(Data excerpts)
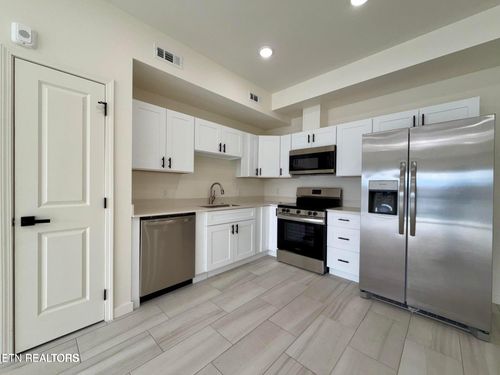 501-129 Sugarfoot Way, Pigeon Forge, TN, 37863-6201 | Card Image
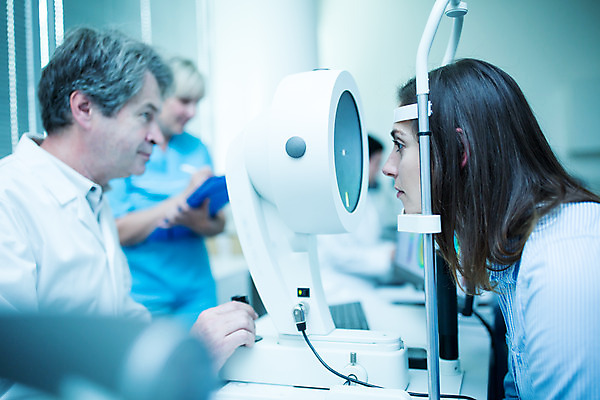 포토 JPG 서양인 외국인 응시 여자 남자 중년 50대 실내 병원 서기 사람 앉기 여러명 상반신 20대 성인 옆모습 30대 진료 의사 검사_조사 체코 안과 각막 진료실 안구 국내포토 시선 유럽 뷰포인트 다수 의학 모션 인종 청년 내부 신체부위 장년 의료진 눈_신체부위 파일형식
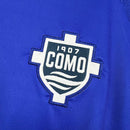 Camisa Como Home I 2024/25 Adidas Torcedor Masculina azul com detalhes brancos, escudo bordado no peito, gola moderna e tecido respirável AEROREADY, representando a tradição e a elegância do futebol italiano e do clube Como 1907.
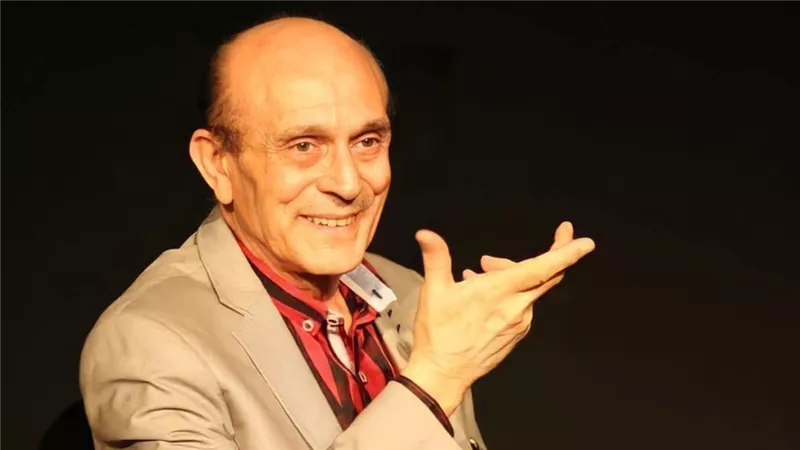 بالأمر المباشر.. مبارك لـ محمد صبحي: «قلدني واشهرني معاك» 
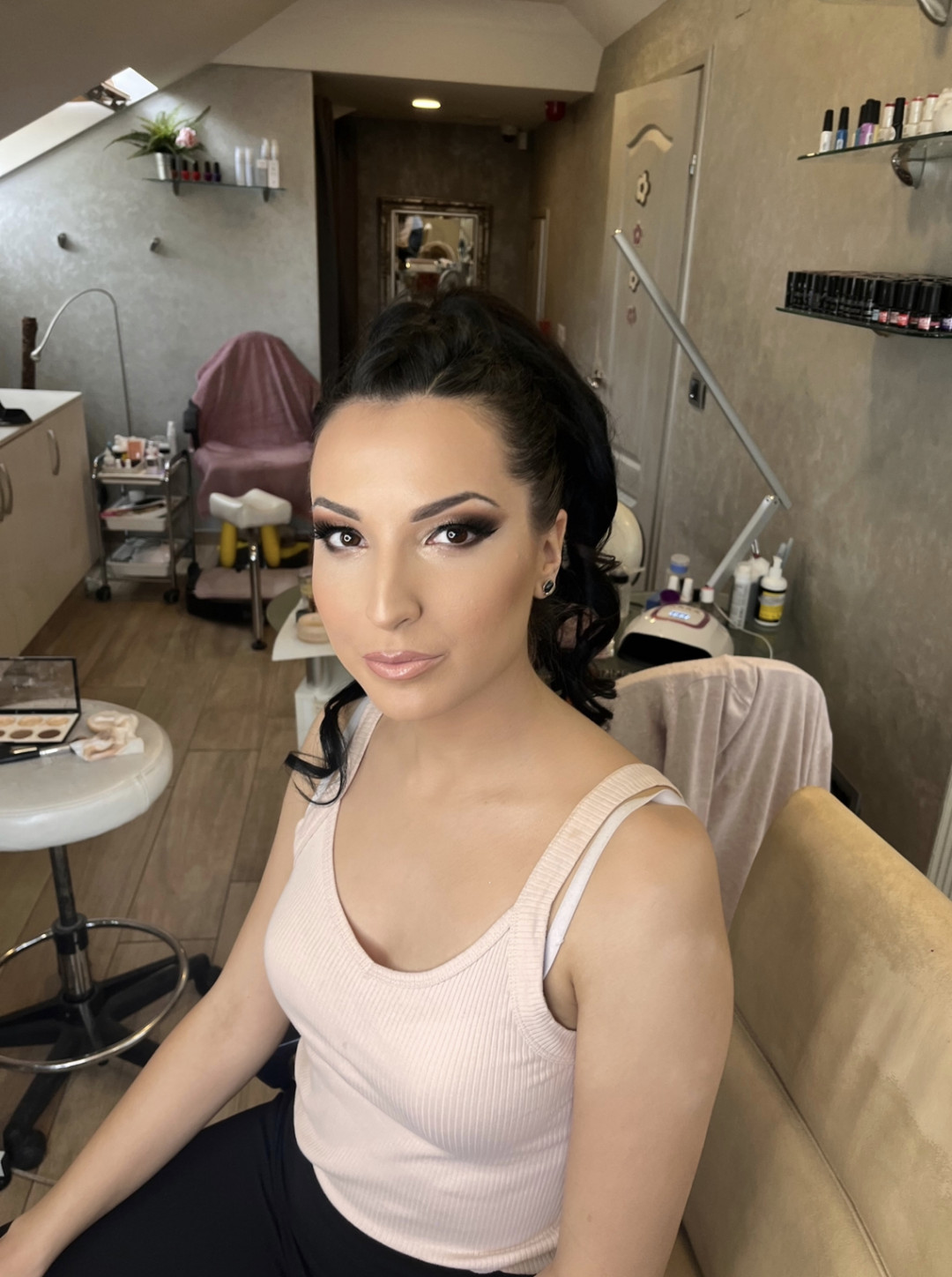 Bibi beauty centar #beograd Make-up / šminkanje Profesionalno šminkanje + veštačke trepavice + svečana frizura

PROBLEM REQUIREMENTS
Retype only the lines that run from the first line of the entries above to the line containing "포토 JPG 서양인 외국인", both included. Do not carry over any pictures.

RESULT
 501-129 Sugarfoot Way, Pigeon Forge, TN, 37863-6201 | Card Image
 포토 JPG 서양인 외국인 응시 여자 남자 중년 50대 실내 병원 서기 사람 앉기 여러명 상반신 20대 성인 옆모습 30대 진료 의사 검사_조사 체코 안과 각막 진료실 안구 국내포토 시선 유럽 뷰포인트 다수 의학 모션 인종 청년 내부 신체부위 장년 의료진 눈_신체부위 파일형식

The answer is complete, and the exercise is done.